Re: Inconsistencies between Perl versions
by PodMaster (Abbot) on Apr 30, 2003 at 10:58 UTC
    Tye has always said rely on your local documentation, and that's what you should do (good lesson, thanks tye).

    That means that if you're reading perl5.5 pod, and youre running perl5.1, you're bound to run into trouble. Now i've checked pre55 pod(perlsyn) and it has no "my" on foreach loop vars ;)

    On a sidenote, http://perl.abigail.nl/History/ is interesting ;)


    MJD says you can't just make shit up and expect the computer to know what you mean, retardo!
    I run a Win32 PPM repository for perl 5.6x+5.8x. I take requests.
    ** The Third rule of perl club is a statement of fact: pod is sexy.

Re: Inconsistencies between Perl versions
by gmpassos (Priest) on May 01, 2003 at 04:22 UTC
    This isn't a problem of multiple development team! Note that from a Perl version to another much things changes, specially the bug fixes! Always try to use a newer version of Perl (stable). If you want a very stable use Perl-5.6.1. And note that we are in Perl-5.8.0, and Perl-5.8.1 is comming to fix some bugs in the previous.

    Note that Perl-5.1 is from before 1995!!! I can't find exactly the year. Perl-5.3 is from 1996! Use at least Perl-5.4 in linux, and on Win32 Perl-5.6.1. See that the source Perl-5.1 doesn't exist in CPAN for download, and you only can find it with old old old RPMs! In other words, don't use it.

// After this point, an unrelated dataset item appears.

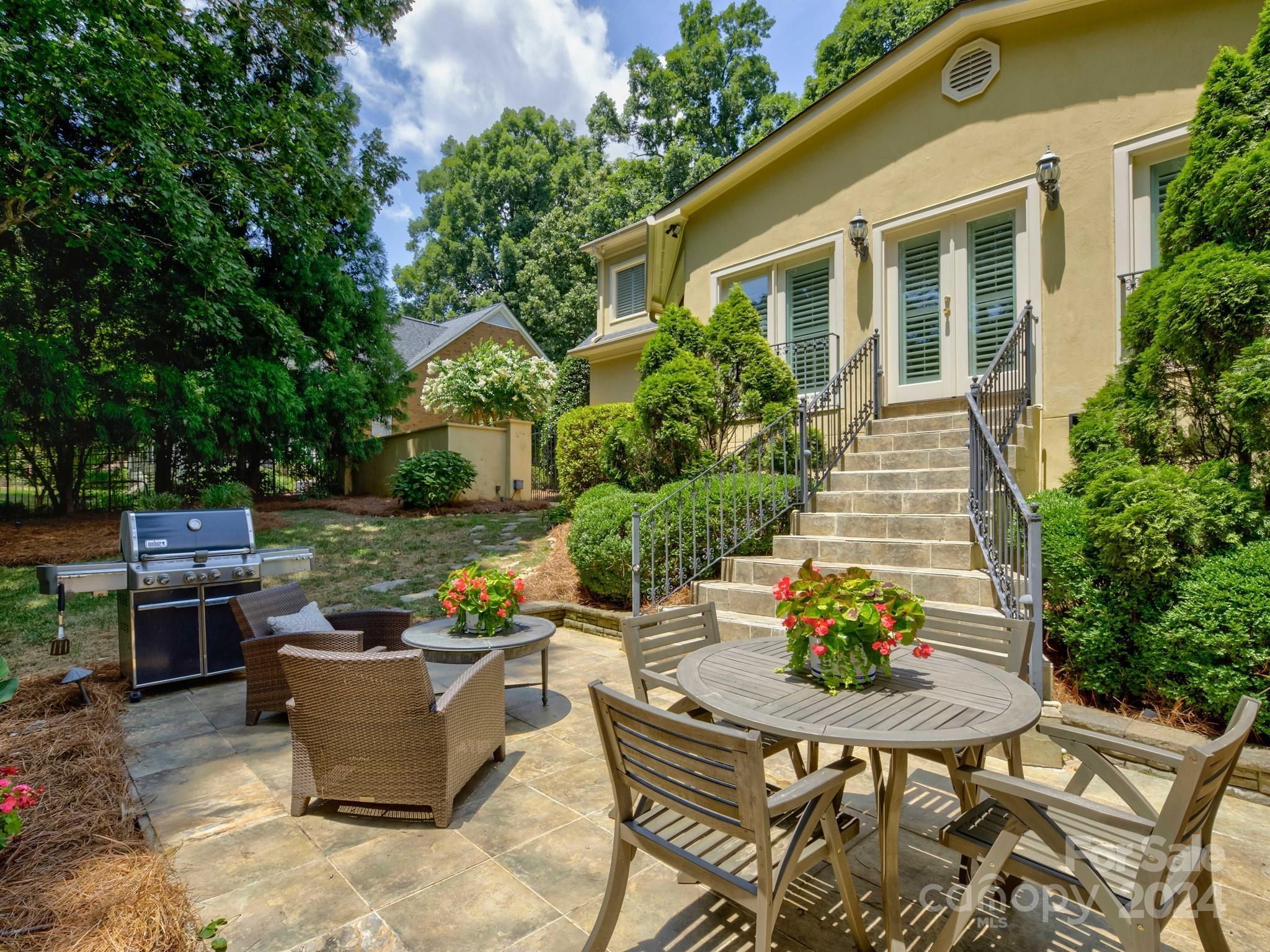 4440 Canoebrook Road Charlotte, NC 28210 - Photo 42 of 47 a view of a patio with table and chairs potted plants and a house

    What you should know is that Perl5 is one language, Perl4 other, and Perl6 will be another. So, from Perl-5.1 to Perl-5.2 the changes are like from 1.0 to 2.0 in other softwares! From 5.6.1 to 5.8 (the release versions, since 5.7 was dev) much much things have changed, like PerlIO and specially thread!

    Update: On linux you can install mutiple versions of Perl! You don't need to update the old, just install the new in other place, or in the same place if the architecture of Perl was comipled to mantain multiple versions, but I don't know if 5.1 already have this resource.

    Graciliano M. P.
    "The creativity is the expression of the liberty".

      If you want a very stable use Perl-5.6.1 ... Use at least Perl-5.4 in linux

      Why? You make two very sweeping statements there, with no underlying arguments at all. Later versions obviously have bugfixes, obviously have new features, but the stability of the versions doesn't necessarily change from release to release.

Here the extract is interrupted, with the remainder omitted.